General Discussion
In reply to the discussion: The Billionaires Plan To Escape From Us [View all]WSHazel
(627 posts)With a few exceptions, most Europeans lived in some form of feudal society from about the 6th century through the 15th or 16th century. Even then, most agricultural workers, which was most workers, lived as virtual serfs through the 17th and into the 18th century. The idea that there were widespread communal lands that people worked collectively in harmony is a fantasy. Life was brutal and short for the vast majority of Europeans into the 19th century. The development of cities in the late Middle Ages did lead to greater freedom and opportunity, which is why so many people migrated to the cities in the Renaissance and after. Places like Venice and Florence, Amsterdam, Hamburg and Antwerp provided a much better quality of life for their residents.
With the American and then French Revolution, followed by the transition to greater democracy in Great Britain, there was an explosion of innovation and improvements in quality of life and lifespan, starting around 1800. Most economic historians that have opined on this topic believe that somewhere between 90% and 95% of all major innovations in human history have occurred since 1800.
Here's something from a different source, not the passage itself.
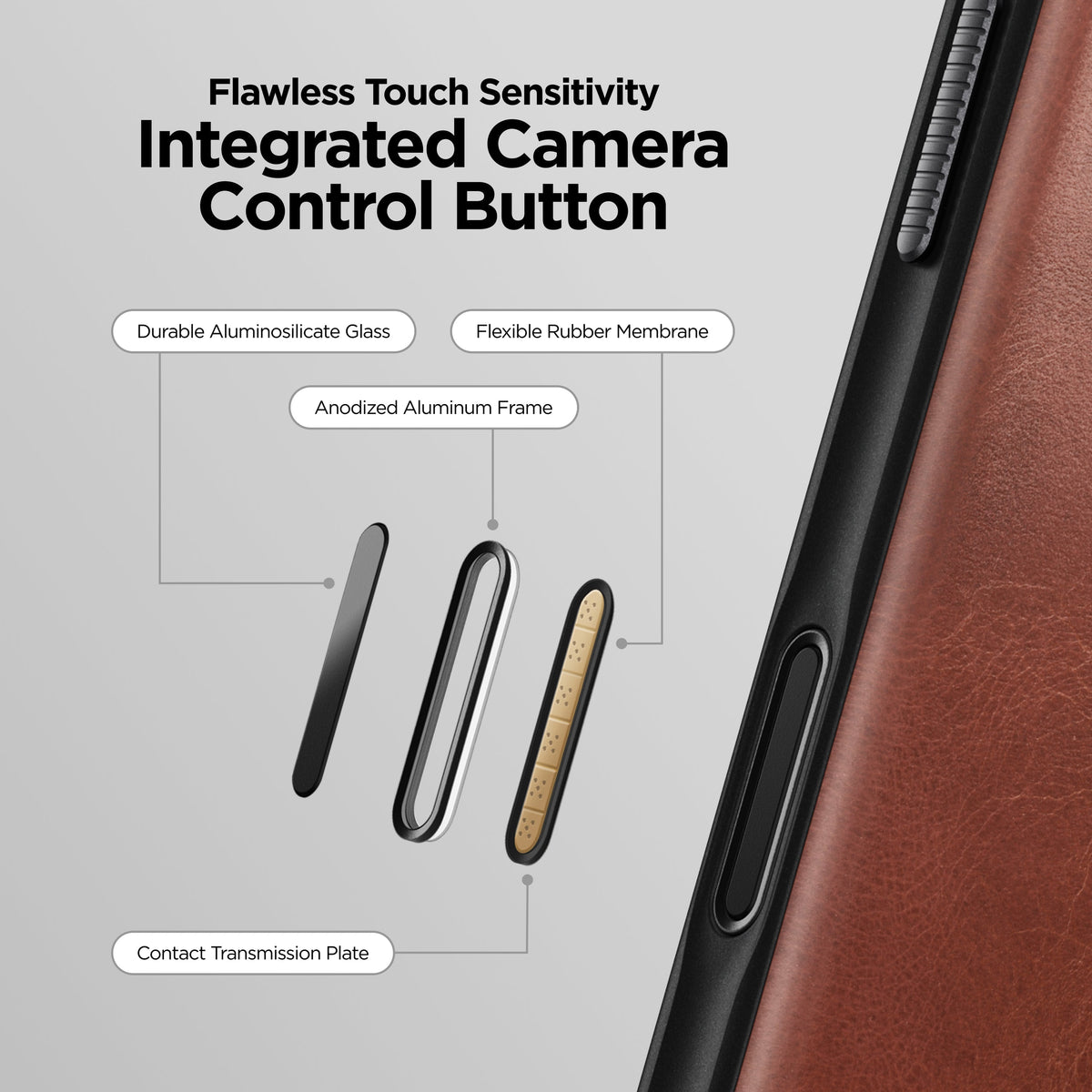 Nomad Modern Leather Case for iPhone 17 Pro (Horween Leather) - Olde Dublin #color_olde-dublin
Most conflicts over that period involving the developed world have resulted from the traditional feudal culture struggling to adjust to a technological society where the most effective organizations are collaborative and dynamic instead of autocratic and static. The American Civil War, the Revolutions of 1848, the Meiji Restoration, China for most of the 20th century, the Russian Revolution, throwing off the colonial yokes in South America, Asia and Africa, and the Arab Spring, all have this dynamic to some extent.
The most dangerous societies are ones where a traditionalist ruling class gets control of a rapidly advancing economy. Examples of this are Germany and Russia prior to World War I, and Japan prior to World War II. The ruling classes in those countries were not responsible for those countries' rapid development, and those ruling classes misunderstood the source of their power and misused that power badly as a result.
I am of Western European descent, and I live with freedoms and a quality of life that my ancestors could not dream of 300 years ago. If Slavery is America's original sin, Feudalism is the West's original sin. It was a brutal social construct that resulted in centuries of 90% of all people living in misery and virtual slavery. The idea that there was some primitive, communal utopia under Feudalism is absurd.